By Pierre Alain - 2022-04-04
My first experience with the Mirage ecosystem was using qubes-mirage-firewall
as a way to decrease resource usage for an internal system task. Just before the release of MirageOS 3.9, I participated in testing PVH-mode unikernels with Solo5. I found it interesting with very constructive exchanges and high-quality speakers (@mato, @talex5, @hannesm) to correct some minor bugs.
After the release of Mirage 3.9 and the ability to launch unikernels in PVH-mode with Solo5, my real adventure with Mirage started when I noticed a drop in the bandwidth performance compared to the Linux firewall in Qubes.
The explanation was quickly found: each time a network packet was received, the firewall performed a memory statistic call to decide whether it needed to trigger the garbage collector. The idea behind this was simply to perform the collection steps before running out of memory.
With the previous system (Mini-OS), the amount of free memory was directly accessible; however, with Solo5, the nolibc
implementation used the dlmalloc
library to manage allocations in the heap.
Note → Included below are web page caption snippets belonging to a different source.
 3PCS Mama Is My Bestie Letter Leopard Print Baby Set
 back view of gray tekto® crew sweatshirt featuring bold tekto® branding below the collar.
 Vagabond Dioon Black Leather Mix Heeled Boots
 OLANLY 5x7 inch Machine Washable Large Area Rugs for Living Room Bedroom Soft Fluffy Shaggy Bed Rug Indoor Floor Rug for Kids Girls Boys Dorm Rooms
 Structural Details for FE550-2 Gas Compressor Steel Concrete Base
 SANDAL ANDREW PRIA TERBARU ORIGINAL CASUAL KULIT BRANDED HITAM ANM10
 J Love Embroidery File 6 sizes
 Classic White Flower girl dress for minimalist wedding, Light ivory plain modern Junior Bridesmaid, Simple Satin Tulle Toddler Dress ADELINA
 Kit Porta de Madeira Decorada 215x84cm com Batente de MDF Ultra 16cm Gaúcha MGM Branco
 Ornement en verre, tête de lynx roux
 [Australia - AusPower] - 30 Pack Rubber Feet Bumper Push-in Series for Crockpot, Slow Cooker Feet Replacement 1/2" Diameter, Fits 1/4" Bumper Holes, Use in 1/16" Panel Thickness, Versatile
The interface that showed the fraction of occupied memory (mallinfo()
) had to loop over the whole heap to count the used and unused areas. This scan is time-linear with the heap size; therefore it took time to make the operation visible when it was performed (in qubes-mirage-firewall
) for each packet.
The first proposed solution was to use a less accurate dlmalloc
call footprint() which could overestimate the memory usage. This solution had the advantage to be low-cost and increase the bandwitdh performance. However, this overestimation is currently strictly increasing. Without going into details, footprint()
gives the amount of memory obtained from the system, which corresponds approximately to the top of the heap. It is possible to give back the top of the heap to Solo5 by calling trim()
, which is, sadly, currently not available in the OCaml environment, thus the top of the heap increases. After a while, the amount of free memory falls below a threshold, and our firewall spends its time writing log messages warning about the lack of memory, but it never can solve the problem. The first clue suggested that this was due to a memory leak.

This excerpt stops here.